効率主義や前年対比主義を超えて。今、日本マーケティングの出番。

「日本の心がマーケティングを超える~おかげさまの心 ぶれない心」を読んだ。



書いたのは、日本マーケティング塾という場で学び合ってきた有志4人。そのうち3名は資生堂、富士ゼロックス、パイオニアの日本のトップメーカーで長年実務を積んできたメンバーである。
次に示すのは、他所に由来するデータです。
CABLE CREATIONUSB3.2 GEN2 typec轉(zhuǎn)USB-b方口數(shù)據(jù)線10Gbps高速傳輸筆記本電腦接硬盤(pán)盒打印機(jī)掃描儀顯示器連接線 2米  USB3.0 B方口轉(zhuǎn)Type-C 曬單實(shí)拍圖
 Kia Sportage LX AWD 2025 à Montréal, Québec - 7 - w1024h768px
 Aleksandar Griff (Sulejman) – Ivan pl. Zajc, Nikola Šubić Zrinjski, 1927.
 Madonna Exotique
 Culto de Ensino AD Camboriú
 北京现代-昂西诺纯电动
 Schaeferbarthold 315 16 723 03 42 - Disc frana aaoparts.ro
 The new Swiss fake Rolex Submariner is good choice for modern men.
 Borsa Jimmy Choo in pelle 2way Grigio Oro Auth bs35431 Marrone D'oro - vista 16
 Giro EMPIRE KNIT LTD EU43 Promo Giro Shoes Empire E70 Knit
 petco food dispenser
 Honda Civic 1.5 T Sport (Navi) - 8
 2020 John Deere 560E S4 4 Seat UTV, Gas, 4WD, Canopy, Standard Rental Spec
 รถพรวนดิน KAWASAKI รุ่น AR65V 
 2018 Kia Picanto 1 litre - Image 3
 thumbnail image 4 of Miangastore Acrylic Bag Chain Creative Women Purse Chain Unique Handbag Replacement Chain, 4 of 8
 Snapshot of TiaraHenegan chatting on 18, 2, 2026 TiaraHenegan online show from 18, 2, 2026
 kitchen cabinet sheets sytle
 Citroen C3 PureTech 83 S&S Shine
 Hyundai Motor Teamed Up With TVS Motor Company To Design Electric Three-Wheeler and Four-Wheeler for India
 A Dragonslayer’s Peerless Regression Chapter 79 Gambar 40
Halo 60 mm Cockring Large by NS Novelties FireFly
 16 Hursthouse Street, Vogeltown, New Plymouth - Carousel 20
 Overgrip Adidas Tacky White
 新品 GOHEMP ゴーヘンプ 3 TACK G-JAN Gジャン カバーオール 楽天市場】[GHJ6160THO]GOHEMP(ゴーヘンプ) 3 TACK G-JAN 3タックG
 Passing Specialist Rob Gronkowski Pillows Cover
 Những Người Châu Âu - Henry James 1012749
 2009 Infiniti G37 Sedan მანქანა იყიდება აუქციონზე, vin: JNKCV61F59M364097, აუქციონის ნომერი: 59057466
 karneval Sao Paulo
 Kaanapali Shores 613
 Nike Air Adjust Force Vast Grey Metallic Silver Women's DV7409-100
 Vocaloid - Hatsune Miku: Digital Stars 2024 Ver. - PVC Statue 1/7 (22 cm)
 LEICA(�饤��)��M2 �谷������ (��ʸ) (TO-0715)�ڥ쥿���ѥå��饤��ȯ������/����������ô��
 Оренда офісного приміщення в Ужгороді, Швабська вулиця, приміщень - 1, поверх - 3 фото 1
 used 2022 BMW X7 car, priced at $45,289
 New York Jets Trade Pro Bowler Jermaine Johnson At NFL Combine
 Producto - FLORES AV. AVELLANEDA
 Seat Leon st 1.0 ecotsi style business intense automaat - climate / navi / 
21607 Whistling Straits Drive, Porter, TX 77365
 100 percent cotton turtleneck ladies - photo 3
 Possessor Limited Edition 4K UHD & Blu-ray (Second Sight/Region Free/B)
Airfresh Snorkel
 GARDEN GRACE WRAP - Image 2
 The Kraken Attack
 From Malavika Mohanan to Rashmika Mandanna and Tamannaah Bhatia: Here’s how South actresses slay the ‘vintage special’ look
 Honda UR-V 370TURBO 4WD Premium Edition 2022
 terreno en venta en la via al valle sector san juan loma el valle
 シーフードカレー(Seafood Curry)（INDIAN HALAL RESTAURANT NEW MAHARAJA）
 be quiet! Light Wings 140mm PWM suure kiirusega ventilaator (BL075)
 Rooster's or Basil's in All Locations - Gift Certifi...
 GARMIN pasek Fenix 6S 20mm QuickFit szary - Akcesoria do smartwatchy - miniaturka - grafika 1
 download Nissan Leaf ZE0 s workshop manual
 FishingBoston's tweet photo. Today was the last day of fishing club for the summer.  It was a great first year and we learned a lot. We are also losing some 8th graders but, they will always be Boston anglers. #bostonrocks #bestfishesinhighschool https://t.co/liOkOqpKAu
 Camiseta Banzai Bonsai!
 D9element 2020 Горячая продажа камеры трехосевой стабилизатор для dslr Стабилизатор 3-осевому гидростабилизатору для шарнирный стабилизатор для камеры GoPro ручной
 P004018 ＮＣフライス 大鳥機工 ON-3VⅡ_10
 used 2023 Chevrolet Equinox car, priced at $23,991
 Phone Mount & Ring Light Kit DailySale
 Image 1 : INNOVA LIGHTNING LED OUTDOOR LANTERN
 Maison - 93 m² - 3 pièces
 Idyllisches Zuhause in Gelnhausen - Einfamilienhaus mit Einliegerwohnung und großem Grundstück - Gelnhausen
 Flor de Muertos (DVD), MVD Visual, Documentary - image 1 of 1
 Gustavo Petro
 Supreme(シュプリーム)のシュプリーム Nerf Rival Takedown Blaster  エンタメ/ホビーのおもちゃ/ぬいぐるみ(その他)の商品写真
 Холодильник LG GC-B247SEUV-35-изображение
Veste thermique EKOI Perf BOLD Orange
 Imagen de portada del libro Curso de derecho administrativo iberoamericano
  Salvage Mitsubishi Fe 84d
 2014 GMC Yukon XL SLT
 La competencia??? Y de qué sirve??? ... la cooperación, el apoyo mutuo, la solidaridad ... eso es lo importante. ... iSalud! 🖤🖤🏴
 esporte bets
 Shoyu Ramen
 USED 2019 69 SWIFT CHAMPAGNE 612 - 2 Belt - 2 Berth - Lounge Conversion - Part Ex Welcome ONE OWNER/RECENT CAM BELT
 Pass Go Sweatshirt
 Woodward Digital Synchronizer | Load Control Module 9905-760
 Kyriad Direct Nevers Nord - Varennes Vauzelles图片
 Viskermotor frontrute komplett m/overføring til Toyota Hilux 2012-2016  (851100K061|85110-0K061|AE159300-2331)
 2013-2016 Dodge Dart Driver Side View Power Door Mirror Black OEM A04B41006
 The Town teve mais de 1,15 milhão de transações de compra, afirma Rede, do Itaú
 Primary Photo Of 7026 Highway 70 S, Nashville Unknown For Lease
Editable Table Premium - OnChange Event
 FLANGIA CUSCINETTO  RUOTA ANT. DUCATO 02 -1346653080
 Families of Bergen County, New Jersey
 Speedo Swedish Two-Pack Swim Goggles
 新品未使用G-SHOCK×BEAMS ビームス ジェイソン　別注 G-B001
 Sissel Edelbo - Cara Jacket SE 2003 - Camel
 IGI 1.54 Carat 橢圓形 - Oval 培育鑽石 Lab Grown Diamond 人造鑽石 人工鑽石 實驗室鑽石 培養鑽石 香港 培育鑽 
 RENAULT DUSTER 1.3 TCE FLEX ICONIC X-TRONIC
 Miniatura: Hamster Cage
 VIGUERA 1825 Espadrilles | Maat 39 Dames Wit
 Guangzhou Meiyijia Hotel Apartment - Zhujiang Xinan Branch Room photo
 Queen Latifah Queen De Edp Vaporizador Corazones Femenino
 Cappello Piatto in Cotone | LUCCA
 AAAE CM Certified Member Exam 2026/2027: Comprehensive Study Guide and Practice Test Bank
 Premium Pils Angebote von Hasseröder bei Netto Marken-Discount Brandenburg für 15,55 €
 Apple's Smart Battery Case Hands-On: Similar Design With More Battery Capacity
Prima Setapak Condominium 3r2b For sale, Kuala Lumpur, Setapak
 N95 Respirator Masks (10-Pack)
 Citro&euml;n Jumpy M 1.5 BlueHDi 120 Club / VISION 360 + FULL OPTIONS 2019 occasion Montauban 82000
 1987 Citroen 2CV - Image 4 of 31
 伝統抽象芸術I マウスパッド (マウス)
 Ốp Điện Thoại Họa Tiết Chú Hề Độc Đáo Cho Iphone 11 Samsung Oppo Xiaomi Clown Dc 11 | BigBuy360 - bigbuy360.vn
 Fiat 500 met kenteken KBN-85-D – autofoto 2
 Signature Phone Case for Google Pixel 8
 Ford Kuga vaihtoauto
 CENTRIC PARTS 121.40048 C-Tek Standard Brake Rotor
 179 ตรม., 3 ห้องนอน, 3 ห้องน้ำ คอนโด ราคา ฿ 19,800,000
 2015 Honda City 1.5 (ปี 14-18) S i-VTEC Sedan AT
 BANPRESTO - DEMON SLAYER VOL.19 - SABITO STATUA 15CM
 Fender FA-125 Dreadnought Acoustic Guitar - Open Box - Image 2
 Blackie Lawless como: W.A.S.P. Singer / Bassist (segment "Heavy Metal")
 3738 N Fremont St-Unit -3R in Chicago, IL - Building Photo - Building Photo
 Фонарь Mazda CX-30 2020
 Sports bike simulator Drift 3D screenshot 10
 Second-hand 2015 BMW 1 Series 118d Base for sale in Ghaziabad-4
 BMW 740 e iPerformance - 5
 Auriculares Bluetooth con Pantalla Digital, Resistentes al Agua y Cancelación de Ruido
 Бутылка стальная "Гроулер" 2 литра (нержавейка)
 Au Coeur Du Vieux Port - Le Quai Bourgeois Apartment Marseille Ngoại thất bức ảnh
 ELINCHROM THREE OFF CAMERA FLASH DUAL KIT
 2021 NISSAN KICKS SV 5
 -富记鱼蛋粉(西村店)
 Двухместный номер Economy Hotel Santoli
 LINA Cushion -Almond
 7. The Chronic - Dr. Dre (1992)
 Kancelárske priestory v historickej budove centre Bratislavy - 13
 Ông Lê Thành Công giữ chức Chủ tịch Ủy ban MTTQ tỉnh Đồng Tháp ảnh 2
彼らに共通する考えは、「昨年の3.11以降、日本人の心が変わった」ということ。

長い国内景気の低迷から諦め感に包まれていた日本人の心が、その対応が世界で評価されたように、日本人としてのポテンシャリティでこの苦境を乗り越えようと目覚めたという。

そして当然、日本人の心が変わればマーケティングのあり方も一変するというのが本書における彼らの総意だ。

それでは、その新たなマーケティングの考え方とは何だろう?

彼らの出した答えは、日本人“らしさ”を活かすマーケティング。

マーケティングは戦後の高度成長とともにアメリカから持ち込まれたものであるため、そもそも日本文化とはそぐわないところがあった。しかし、そこに日本で開発された生産管理システムが加わり、競争を前提としていかに効率を上げるかに専念したことで日本企業は成長してきた。行き過ぎた成果主義はその最たるものだろう。

しかしながら、その結果として人の心が疲弊し社会全体が大きな閉塞感に包まれてしまった。
多くの人の収入が下がり続けることも問題であるが、もっと大きな問題は、もともと日本人が持っていた大切な商いの心まで失ってしまったことだ。

一意専心といわれるようなぶれない心。万物におかげさまでといえる心。

そんな精神性をいま一度取り戻すことによりこの苦境をきっと乗り越えられるという、日本マーケティングの復活の道筋を四人四様のアプローチで教えてくれる。

日本には、何百年も続いている老舗企業がたくさんある。そんな企業に共通するのは、本業の継続、先祖を敬う心、地域に根ざしてお客さまの顔が見える商売をしていることだ。

時代に合わせ絶えず進化を繰り返しているが、その根っこにある商売の心は決してぶれていない。
これが彼らのいう日本マーケティングの真髄ではないか。

まだまだ厳しい時代は続く。しかし、その先の光は間違いなく見えてきている。
大切なことは、本業に徹し、お客様との接し方、協力してくれるパートナーとの接し方をいま一度真摯に見直してみることではないか。

今経営者、マーケティング担当者の資質として求められる能力は人間力なのである。本書を読んであらためて思いを強くした。